Grain bins were smashed and a wagon flipped as the tornado moved eastward across the OARDC campus.

From the administrative building the whirlwind moved to a series of greenhouses containing research projects of all kinds. “The greenhouses were flattened sending tomatoes every direction’’ according to Mauricio Espinoza, communications specialist for the center. Projects from horticulture, crop science and plant pathology were among the experiments being housed in three greenhouses that were destroyed.


Grain bins were smashed and a wagon flipped as the tornado moved eastward across the OARDC campus.

Major damage was then done to the Ag Engineering building about half of which was leveled by the winds. The buildings metal rear structure was torn off and brick and block walls were pulled down. Cars were flipped alongside the building.  


The Agricultural Engineering Building was the worst hit structure sustaining damage to brick and masonry walls.
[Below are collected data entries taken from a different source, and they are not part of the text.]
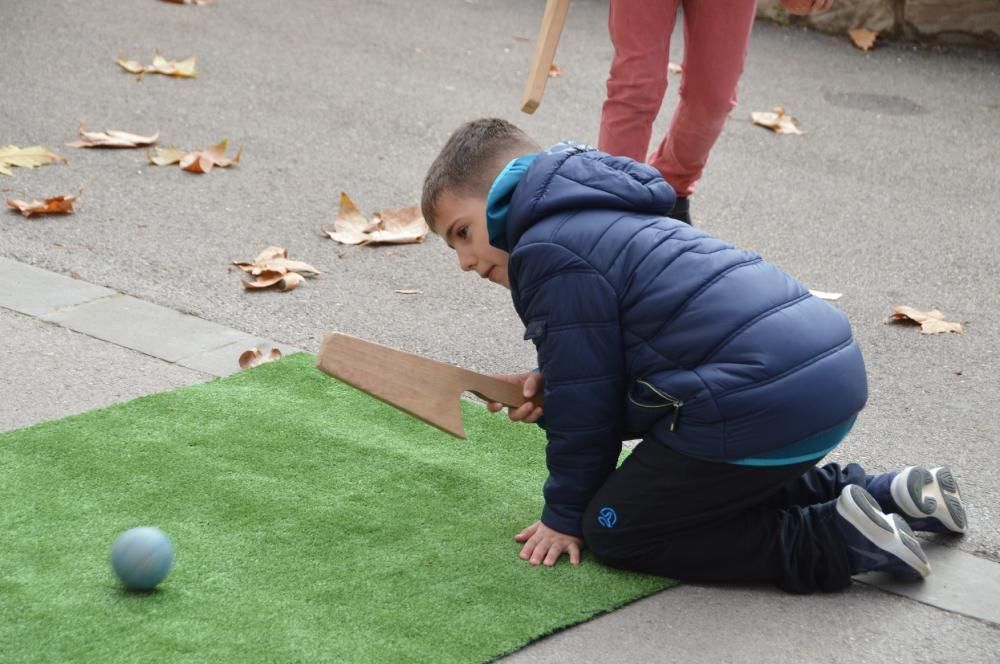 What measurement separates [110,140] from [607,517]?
11.2ft

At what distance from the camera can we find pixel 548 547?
2719mm

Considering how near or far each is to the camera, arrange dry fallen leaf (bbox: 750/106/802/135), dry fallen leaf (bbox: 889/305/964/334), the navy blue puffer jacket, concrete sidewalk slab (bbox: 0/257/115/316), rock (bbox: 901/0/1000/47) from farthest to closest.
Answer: rock (bbox: 901/0/1000/47)
dry fallen leaf (bbox: 750/106/802/135)
dry fallen leaf (bbox: 889/305/964/334)
concrete sidewalk slab (bbox: 0/257/115/316)
the navy blue puffer jacket

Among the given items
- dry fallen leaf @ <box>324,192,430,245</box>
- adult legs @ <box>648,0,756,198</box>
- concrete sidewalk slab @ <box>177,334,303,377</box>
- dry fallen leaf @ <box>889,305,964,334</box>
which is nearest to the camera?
concrete sidewalk slab @ <box>177,334,303,377</box>

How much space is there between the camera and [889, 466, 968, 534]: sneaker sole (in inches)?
111

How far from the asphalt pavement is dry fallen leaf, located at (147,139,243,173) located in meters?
0.07

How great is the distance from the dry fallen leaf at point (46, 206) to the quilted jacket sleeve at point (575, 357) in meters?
2.45

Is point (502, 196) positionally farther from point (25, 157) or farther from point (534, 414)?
point (25, 157)

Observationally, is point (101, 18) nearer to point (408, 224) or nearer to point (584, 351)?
point (408, 224)

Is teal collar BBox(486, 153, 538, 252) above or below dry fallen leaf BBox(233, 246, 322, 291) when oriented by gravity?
above

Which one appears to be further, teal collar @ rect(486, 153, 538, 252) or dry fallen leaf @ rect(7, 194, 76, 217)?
dry fallen leaf @ rect(7, 194, 76, 217)

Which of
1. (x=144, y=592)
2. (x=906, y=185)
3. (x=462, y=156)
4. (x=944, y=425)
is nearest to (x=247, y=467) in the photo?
(x=144, y=592)

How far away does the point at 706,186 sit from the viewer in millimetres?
5531

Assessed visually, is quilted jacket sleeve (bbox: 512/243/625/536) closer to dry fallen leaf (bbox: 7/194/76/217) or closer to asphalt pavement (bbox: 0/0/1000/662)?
asphalt pavement (bbox: 0/0/1000/662)

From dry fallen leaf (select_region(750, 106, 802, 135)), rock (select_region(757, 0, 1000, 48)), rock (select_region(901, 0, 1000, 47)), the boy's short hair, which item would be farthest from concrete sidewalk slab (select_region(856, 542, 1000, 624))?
rock (select_region(901, 0, 1000, 47)) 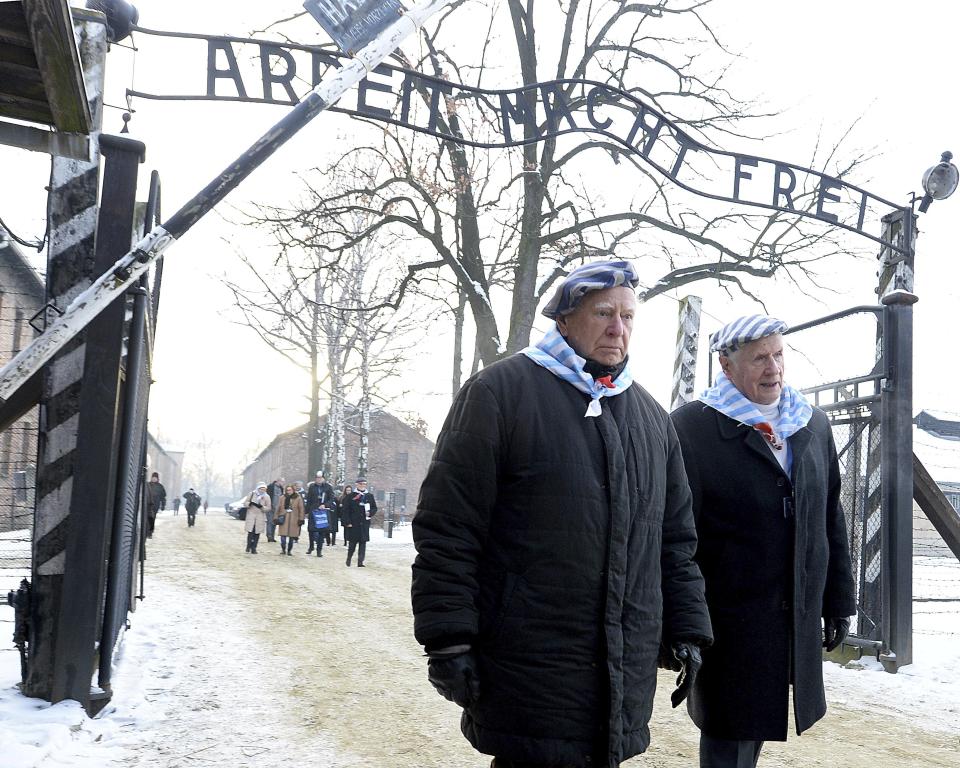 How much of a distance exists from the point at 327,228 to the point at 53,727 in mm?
12704

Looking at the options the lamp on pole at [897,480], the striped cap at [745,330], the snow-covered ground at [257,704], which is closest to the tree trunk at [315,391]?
the snow-covered ground at [257,704]

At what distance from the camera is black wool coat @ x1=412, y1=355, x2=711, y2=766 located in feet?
8.53

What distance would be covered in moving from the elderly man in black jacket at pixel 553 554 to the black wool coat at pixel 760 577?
64 cm

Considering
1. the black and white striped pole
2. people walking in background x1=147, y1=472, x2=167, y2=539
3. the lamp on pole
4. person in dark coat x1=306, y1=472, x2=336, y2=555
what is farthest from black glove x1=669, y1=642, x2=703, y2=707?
person in dark coat x1=306, y1=472, x2=336, y2=555

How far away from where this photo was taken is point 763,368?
3881 millimetres

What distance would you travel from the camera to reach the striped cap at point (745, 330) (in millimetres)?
3832

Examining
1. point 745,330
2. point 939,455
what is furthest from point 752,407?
point 939,455

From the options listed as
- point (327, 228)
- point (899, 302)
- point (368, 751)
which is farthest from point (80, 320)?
point (327, 228)

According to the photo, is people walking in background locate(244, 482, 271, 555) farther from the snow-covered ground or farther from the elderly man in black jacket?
the elderly man in black jacket

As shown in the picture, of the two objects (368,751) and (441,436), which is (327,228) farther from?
(441,436)

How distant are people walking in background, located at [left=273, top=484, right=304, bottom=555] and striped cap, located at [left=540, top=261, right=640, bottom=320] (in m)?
19.2

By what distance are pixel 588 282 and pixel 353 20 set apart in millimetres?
4012

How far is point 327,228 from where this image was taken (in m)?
16.8

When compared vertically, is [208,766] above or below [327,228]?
below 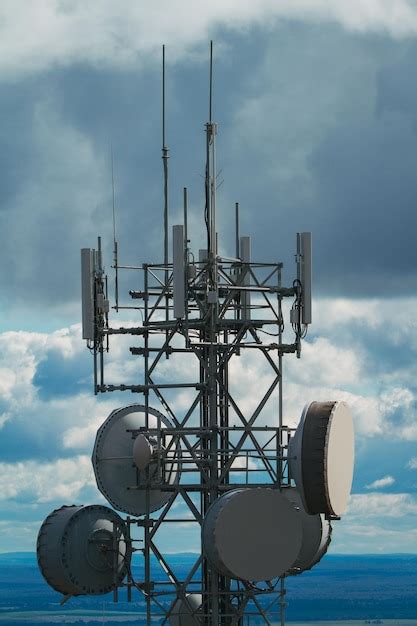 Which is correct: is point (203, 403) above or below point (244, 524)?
above

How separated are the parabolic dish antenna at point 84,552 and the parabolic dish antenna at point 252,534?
4.22 meters

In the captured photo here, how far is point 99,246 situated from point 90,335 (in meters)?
2.82

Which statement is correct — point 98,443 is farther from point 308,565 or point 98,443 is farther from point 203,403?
point 308,565

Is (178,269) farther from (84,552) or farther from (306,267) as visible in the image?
(84,552)

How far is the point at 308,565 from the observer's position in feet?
196

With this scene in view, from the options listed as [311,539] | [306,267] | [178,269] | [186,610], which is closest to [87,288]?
[178,269]

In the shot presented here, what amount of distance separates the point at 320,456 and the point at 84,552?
27.1ft

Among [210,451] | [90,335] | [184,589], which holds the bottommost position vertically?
[184,589]

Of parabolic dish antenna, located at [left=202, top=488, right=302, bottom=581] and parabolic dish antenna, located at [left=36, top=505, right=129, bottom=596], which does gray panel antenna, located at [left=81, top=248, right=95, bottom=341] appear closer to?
parabolic dish antenna, located at [left=36, top=505, right=129, bottom=596]

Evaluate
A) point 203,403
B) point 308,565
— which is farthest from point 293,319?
point 308,565

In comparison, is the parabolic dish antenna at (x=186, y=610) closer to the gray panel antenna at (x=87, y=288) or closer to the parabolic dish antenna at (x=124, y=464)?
the parabolic dish antenna at (x=124, y=464)

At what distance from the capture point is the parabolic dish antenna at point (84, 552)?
5844cm

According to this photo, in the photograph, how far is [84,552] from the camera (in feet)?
192

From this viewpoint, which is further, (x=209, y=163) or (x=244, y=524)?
(x=209, y=163) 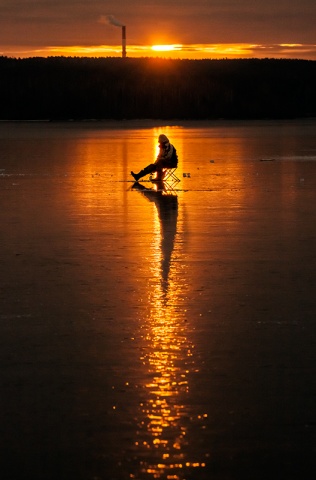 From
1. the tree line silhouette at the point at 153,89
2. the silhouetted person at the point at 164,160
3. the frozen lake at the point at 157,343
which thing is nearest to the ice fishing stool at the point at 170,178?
the silhouetted person at the point at 164,160

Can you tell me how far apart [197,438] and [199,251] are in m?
7.69

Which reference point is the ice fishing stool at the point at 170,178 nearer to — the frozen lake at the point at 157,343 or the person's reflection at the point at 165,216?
the person's reflection at the point at 165,216

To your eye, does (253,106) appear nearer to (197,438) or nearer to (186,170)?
(186,170)

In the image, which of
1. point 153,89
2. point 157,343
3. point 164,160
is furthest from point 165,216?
point 153,89

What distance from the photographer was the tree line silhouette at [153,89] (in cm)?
15512

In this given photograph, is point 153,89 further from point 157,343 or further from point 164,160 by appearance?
point 157,343

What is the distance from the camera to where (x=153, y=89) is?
16762 cm

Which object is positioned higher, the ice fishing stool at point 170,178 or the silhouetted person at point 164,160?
the silhouetted person at point 164,160

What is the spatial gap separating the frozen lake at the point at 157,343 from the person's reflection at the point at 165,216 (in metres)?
0.04

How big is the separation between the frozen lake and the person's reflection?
0.14 ft

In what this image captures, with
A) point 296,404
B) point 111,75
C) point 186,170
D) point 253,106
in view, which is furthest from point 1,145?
point 111,75

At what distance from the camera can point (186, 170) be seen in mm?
31297

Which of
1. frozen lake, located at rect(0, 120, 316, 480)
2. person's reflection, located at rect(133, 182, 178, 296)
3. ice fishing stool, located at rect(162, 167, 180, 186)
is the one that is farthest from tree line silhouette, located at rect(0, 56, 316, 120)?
frozen lake, located at rect(0, 120, 316, 480)

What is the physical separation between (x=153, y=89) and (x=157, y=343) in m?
160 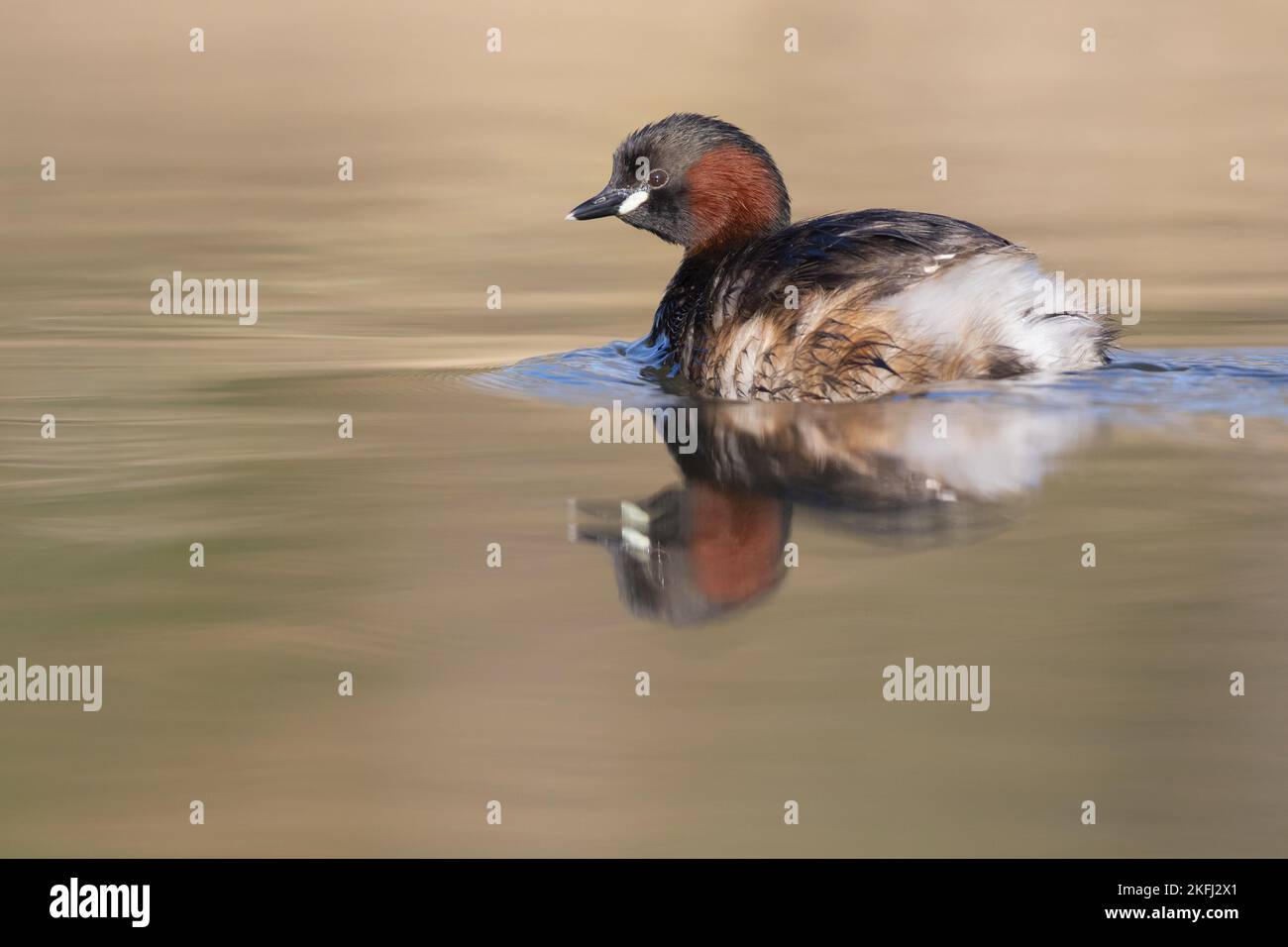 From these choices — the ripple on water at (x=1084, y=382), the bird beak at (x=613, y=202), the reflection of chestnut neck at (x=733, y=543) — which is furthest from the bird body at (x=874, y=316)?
the reflection of chestnut neck at (x=733, y=543)

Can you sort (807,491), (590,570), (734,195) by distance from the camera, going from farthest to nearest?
1. (734,195)
2. (807,491)
3. (590,570)

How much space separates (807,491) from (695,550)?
23.0 inches

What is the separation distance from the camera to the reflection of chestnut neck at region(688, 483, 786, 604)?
532cm

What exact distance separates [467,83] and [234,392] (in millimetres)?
11593

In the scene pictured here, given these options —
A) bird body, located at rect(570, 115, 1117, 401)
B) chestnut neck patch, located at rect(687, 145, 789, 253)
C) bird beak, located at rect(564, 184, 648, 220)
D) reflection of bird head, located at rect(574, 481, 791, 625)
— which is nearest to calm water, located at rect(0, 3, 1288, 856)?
reflection of bird head, located at rect(574, 481, 791, 625)

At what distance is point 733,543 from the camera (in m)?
5.57

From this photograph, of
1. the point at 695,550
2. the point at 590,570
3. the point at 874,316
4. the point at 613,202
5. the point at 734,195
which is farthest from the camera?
the point at 613,202

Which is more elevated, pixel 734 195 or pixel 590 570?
pixel 734 195

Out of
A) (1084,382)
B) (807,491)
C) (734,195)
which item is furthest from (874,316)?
(734,195)

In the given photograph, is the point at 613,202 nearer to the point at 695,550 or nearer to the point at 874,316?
the point at 874,316

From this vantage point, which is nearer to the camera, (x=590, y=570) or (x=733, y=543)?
(x=590, y=570)

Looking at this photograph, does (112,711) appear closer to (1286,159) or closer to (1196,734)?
(1196,734)

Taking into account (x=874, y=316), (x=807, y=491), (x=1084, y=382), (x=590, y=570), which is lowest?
(x=590, y=570)

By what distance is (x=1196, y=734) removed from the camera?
167 inches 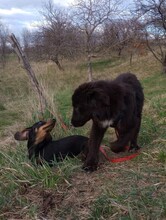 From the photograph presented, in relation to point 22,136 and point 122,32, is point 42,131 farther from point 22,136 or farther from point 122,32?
point 122,32

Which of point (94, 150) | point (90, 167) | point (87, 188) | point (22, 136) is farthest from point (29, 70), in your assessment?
point (87, 188)

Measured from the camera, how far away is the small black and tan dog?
17.3ft

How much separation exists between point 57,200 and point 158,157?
1.56 metres

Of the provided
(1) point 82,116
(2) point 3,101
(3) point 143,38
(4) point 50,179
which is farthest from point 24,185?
(3) point 143,38

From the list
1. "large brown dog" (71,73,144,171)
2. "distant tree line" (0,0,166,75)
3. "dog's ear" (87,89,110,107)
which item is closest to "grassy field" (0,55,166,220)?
"large brown dog" (71,73,144,171)

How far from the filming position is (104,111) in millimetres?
4117

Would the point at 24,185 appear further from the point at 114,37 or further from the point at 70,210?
the point at 114,37

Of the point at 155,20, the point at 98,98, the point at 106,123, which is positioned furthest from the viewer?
the point at 155,20

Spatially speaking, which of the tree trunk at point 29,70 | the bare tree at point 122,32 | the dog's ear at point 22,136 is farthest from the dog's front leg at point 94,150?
the bare tree at point 122,32

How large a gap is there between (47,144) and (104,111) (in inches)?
67.8

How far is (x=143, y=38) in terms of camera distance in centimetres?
2177

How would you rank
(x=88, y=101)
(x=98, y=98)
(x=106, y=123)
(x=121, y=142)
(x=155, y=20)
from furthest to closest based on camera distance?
1. (x=155, y=20)
2. (x=121, y=142)
3. (x=106, y=123)
4. (x=88, y=101)
5. (x=98, y=98)

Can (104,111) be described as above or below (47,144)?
above

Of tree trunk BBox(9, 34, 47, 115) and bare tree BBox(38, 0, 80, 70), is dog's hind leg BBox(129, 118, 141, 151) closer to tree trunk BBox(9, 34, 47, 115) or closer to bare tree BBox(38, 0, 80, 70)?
tree trunk BBox(9, 34, 47, 115) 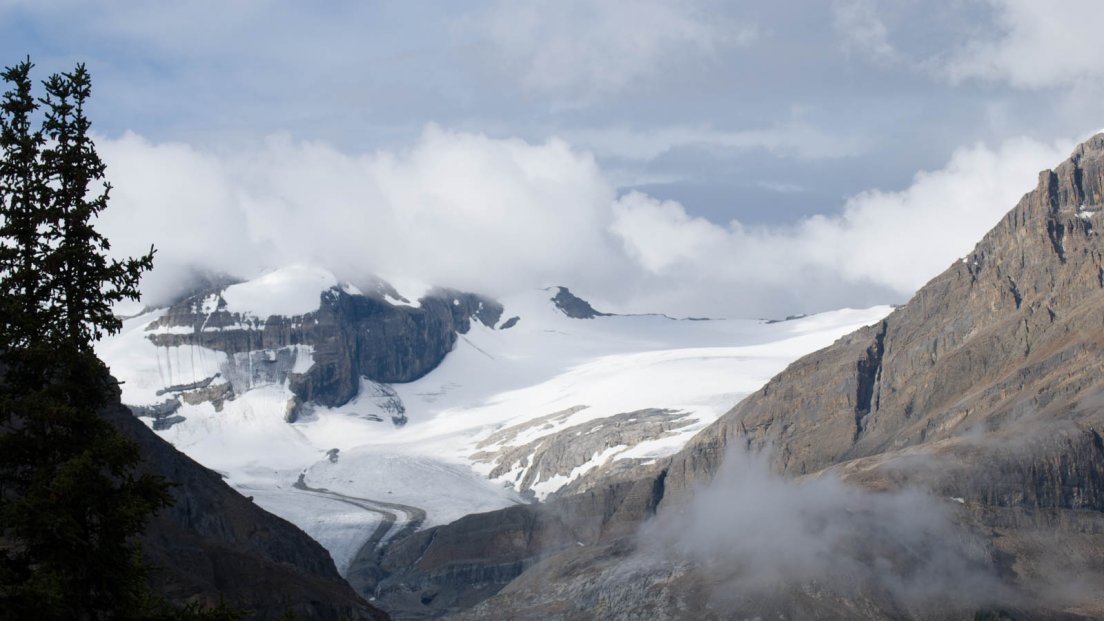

Next in line was the Rice House and the Stone House, the latter of which is listed on the historic register as home of the original landowners that the center was built on. Damage to the structures includes the roofs being torn off.


Roads around the campus were just being cleared a day after the disaster.

After flattening an old barn used by facility services and maintenance, the storm took aim at the renowned Secrest Arboretum. “It looks like somebody came with a big axe and just chopped the tops off all the trees,” reports Espinoza. “They were just snapped in half like match sticks.”


The Rice House was one of two historic structures damaged by the tornado.

Further damage was also done to the quasar biodigester’s membrane covering that gathers the methane produced in the building.


Damage assessment from the storm was still undetermined. 

However, none of the center’s 400 employees were injured, Ravlin reports. “Many of our scientists have years of work tied up in projects that may be lost, but we are fortunate that it hit at a time when most people had left for the day.

At this writing roads were still being cleared so a better assessment of the damage could be made.

In other storm news, the Farm Science Review Site suffered much less severe damage as tents were torn down by the system. However, Matt Sullivan, assistant manager of the show says things will be cleaned up and ready to go when the show opens next Tuesday.